• D. L. Scott


In the last ten years there have been a number of placebo-controlled studies of penicillamine in rheumatoid arthritis. All of these show it to be better than placebo.

Prospective controlled studies and uncontrolled evaluations of the drug in clinical practice show that it reduces the degree of acute synovial inflammation, reduces the elevated ESR of active disease, and also lowers other acute-phase changes. It has more debatable effects on immunological abnormalities and other variables such as glutathione and sulphydryl levels, but these all show some evidence of improvement. There is little direct evidence that it reduces the chronic progressive joint destruction of rheumatoid synovitis, which can be measured radiologically. It often causes adverse reactions, is often ineffective, and although it improves many variables these do not often return completely to normal. There is minimal evidence that it actually changes the long-term outcome in rheumatoid disease.

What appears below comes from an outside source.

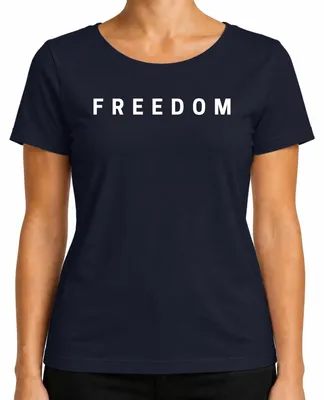 Imagen del producto de Camiseta para mujer "Freedom Charlie Kirk RIP", marca "Konservativ Republikaner Turning Point", color azul marino, talla L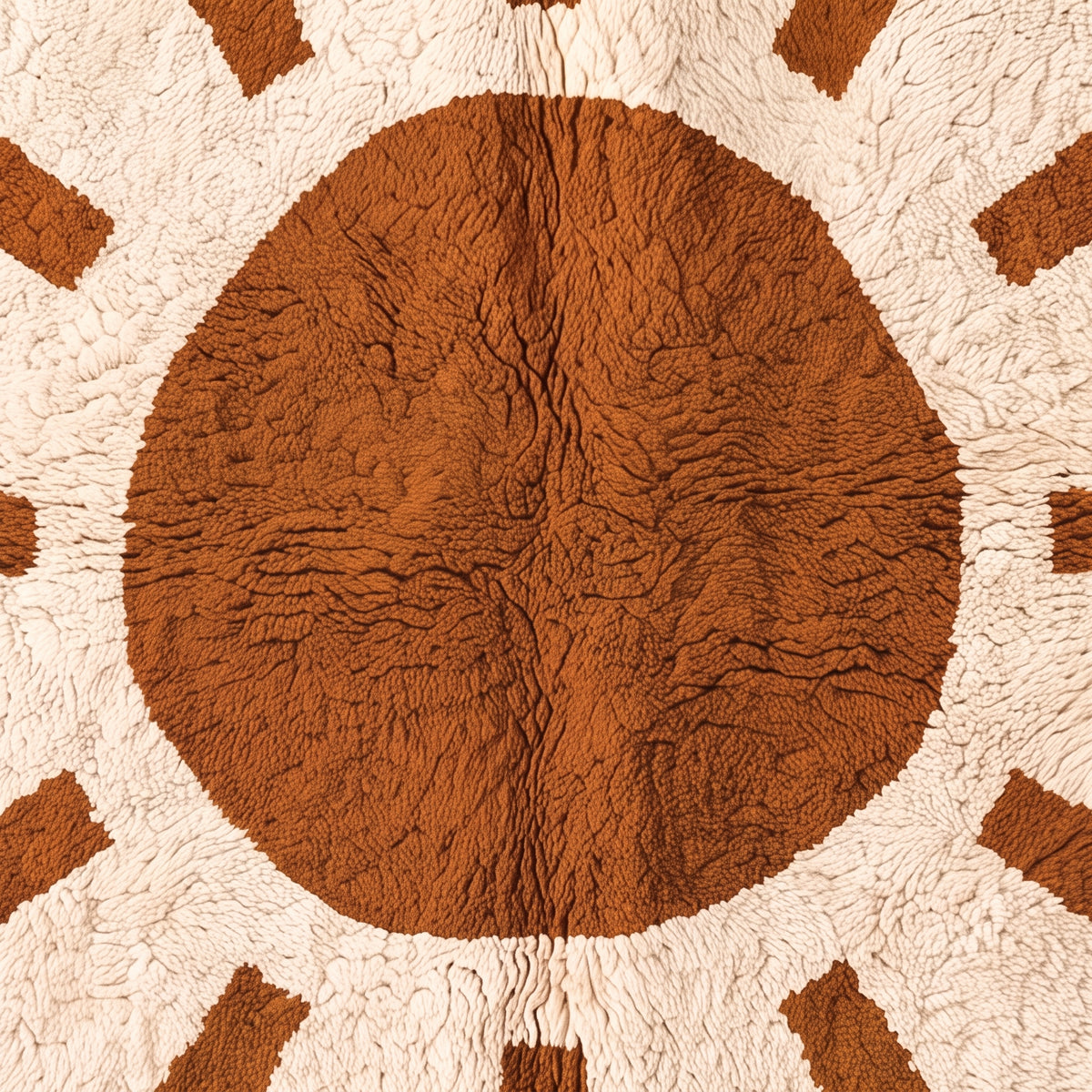 Macro detail of central sun circle and radiating rays showing hand-knotted texture on Beni Ourain wool rug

Interpretation of the studies indicates that penicillamine is a useful antirheumatic drug. The question is how to improve upon therapy. There are several methods open, including the use of combinations of second-line drugs, or starting treatment with drugs like penicillamine very early in the course of the disease. Will further placebo-controlled trials help resolve these questions or do we need another type of approach? As all the traditional studies have a very high dropout rate their conclusions have certain limitations and there is a need for a different type of study. The value of the traditional approach to testing drugs like penicillamine is clearly very limited.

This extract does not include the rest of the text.